Text: JS regular learning small memory matching string optimization
Yesterday in the "JS Regular learning Small memory match string" talked about/"(?:\ \.| [^"]) *"/is a good expression, because it can meet our requirements, so this expression is available, but not necessarily the best.
In terms of performance, he's very bad, why do you say that because the traditional NFA engine encounters branches that match from left to right,
So it will use\\.To match every character and find the wrong one.[^"]to match.
such as a string:" 123456\ ' 78\"
Shared -Characters except the first one"The direct match is successful and the remaining theA, only2An Escape (4characters), so\\.Will failTenTimes, only2A successful time.
ThisTenThe second match fails and needs to be traced back[^"]To match the success, of course the last one"Will directly match the success.
It is clear that the normal string is not completely escaped, the normal string is the mainstream, of course, it does not rule out that some people deliberately completely escaped the situation.
So this regular need to go back after the completion of the match, if the string growth to 1K 1M swollen?
So we're going to change the regular, back and forth position?
Is it /"(?: [^"]|\\.) * "/ ? Oh, it seems not quite right, so that the escape can not be matched.
So you have to modify the following /"(?: [^" \\]|\\.) * "/ This will be OK, encounter \ escape will use \ \. to try to match.

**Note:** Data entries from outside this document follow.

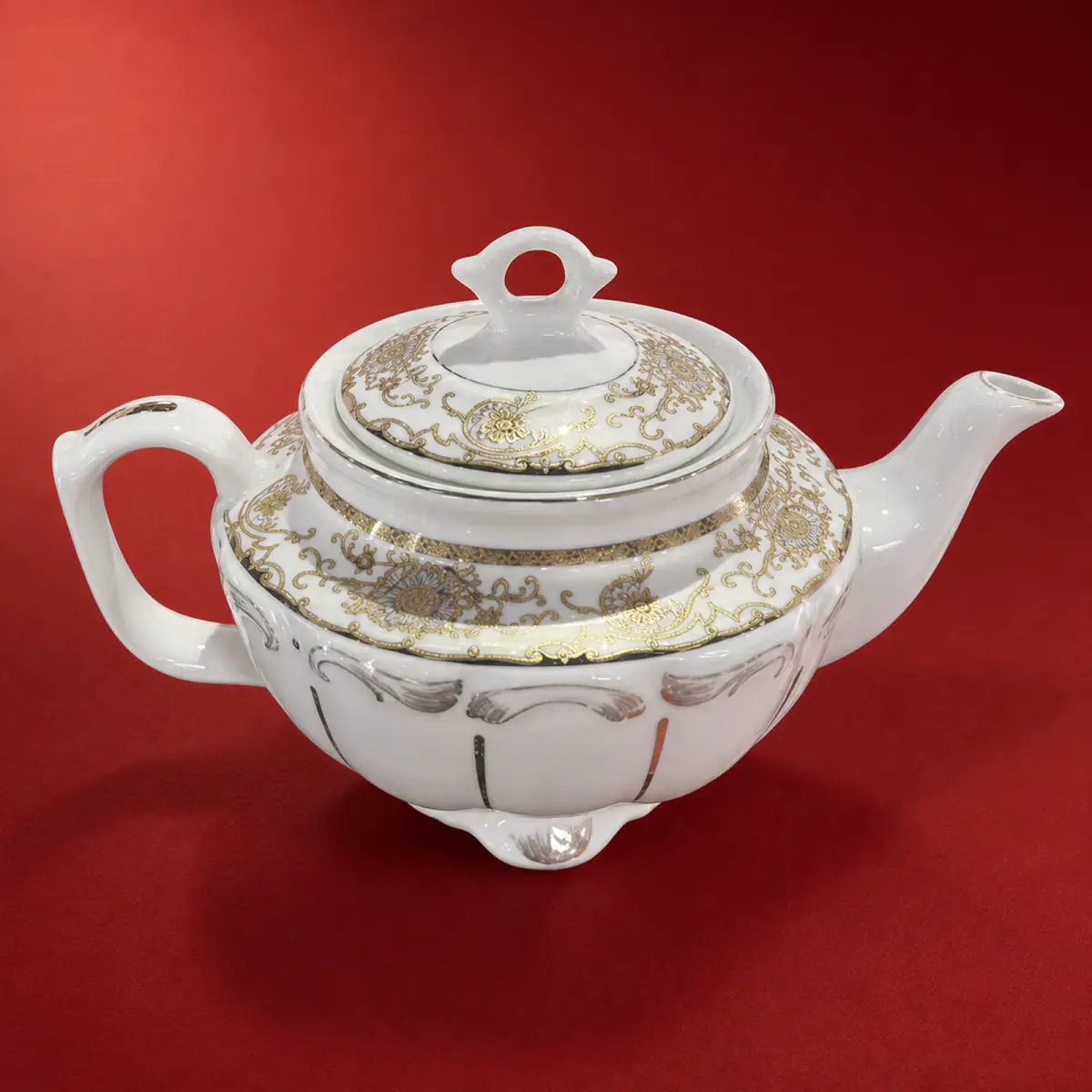 Gold Decal Teapot shown on a red studio background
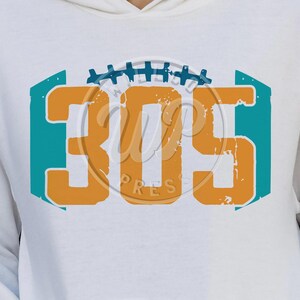 Puede incluir: Sudadera blanca con un diseño en turquesa y naranja que presenta el número "305" con un gráfico de fútbol arriba.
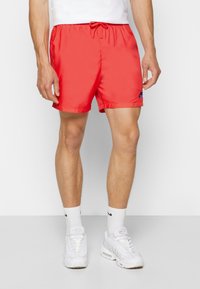 Muž oblečený v jasně červených Nike šortkách s modrým logem, bílých Nike ponožkách a bílých teniskách stojící na jednoduchém bílém pozadí.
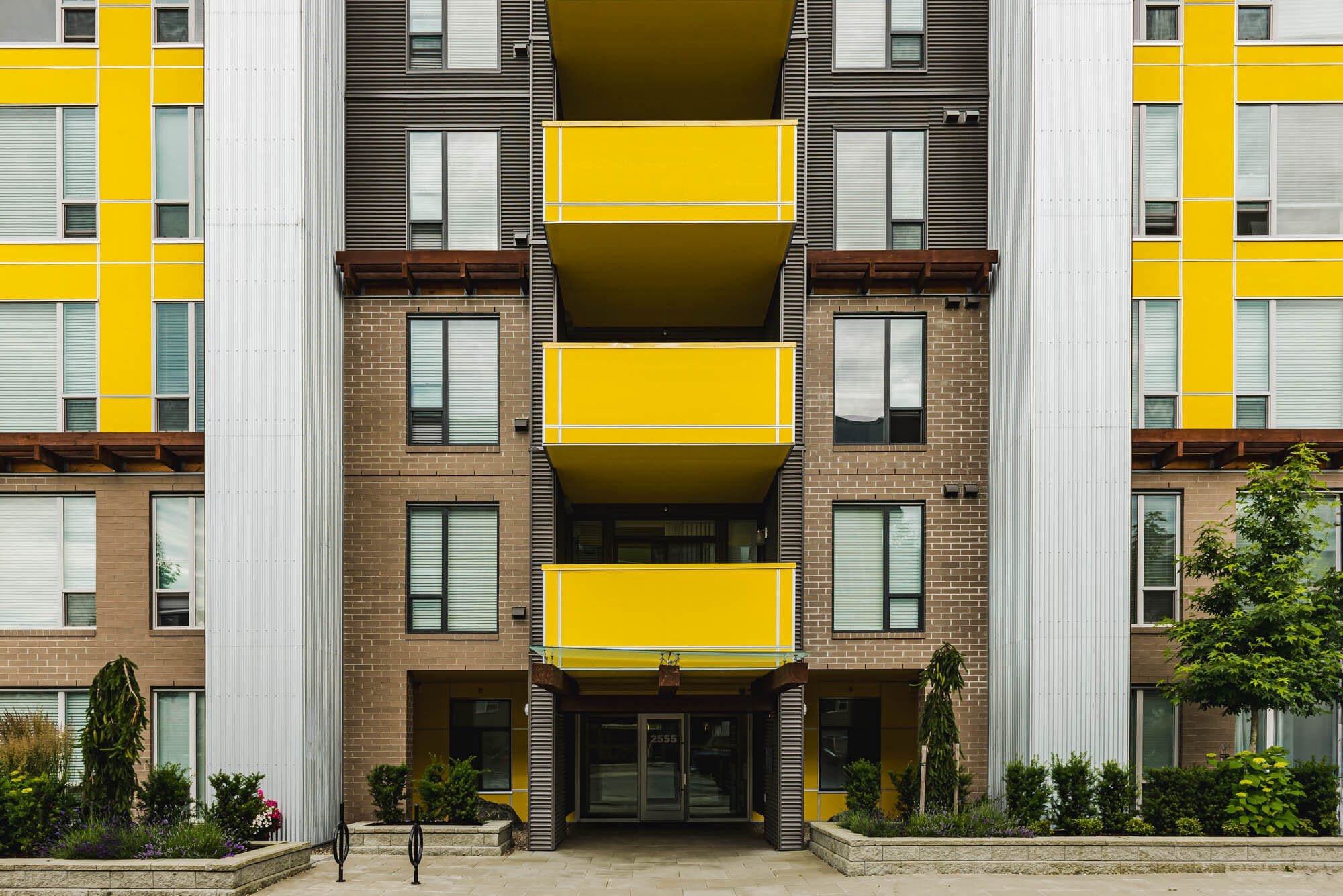 Cronus Masonry-3 Modern apartment building with yellow balconies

However, there is still a problem, because we have filtered out \ \ \ \ \ \ \ So we can't match the multi-line characters.
JS in the string with\The wrapping is allowed, but the modified regular does not match such a string, so we still have to fix it.
Because.There's no way to match a newline, so we're going to do it in other ways.
.is used to match all characters except the line break.[. \ n]To say?
This is wrong, because[]In the character set. No longer represents all characters except line breaks, but characters.Which is a character of his own.
What about that?
In fact, a different idea,
\dSaid0-9
\dSaid[^0-9]
So[\d\d]That's all, isn't it? (New friends don't know if they can digest this knowledge.) )
Similarly[\s\s] [\w\w]The same can be.
So/"(?: [^" \\]|\\[\d\d]) * "/This will satisfy our requirements.
Good results.
Come back and analyze his performance now.
Or this string: "123456\ ' 78\" , regular /"(?: [^" \\]|\\[\d\d]) * "/
Shared -Characters except the first one "The direct match is successful and the remaining theOne, there2An Escape (4characters),[^"\\]Can match successTenCharacters, only2Times failed.
Why not?4The failure of the times, obviously there4a character.\\Although it is2characters, but read the first one\The match fails and then uses the \\[\d\d] match succeeded,
Took up two characters \ \ the next time with the next o start matching, so only 2 backtracking.
Only2Times need to backtrack and then use\\[\d\d]The match was successful. Of course the last one"Or it will directly match the success.
So fromTenThe second backtracking, reduced to2Times, although the regular is a lot more bloated than yesterday, but at least performance has improved more than one level.
OK, today's share is finished, see you tomorrow.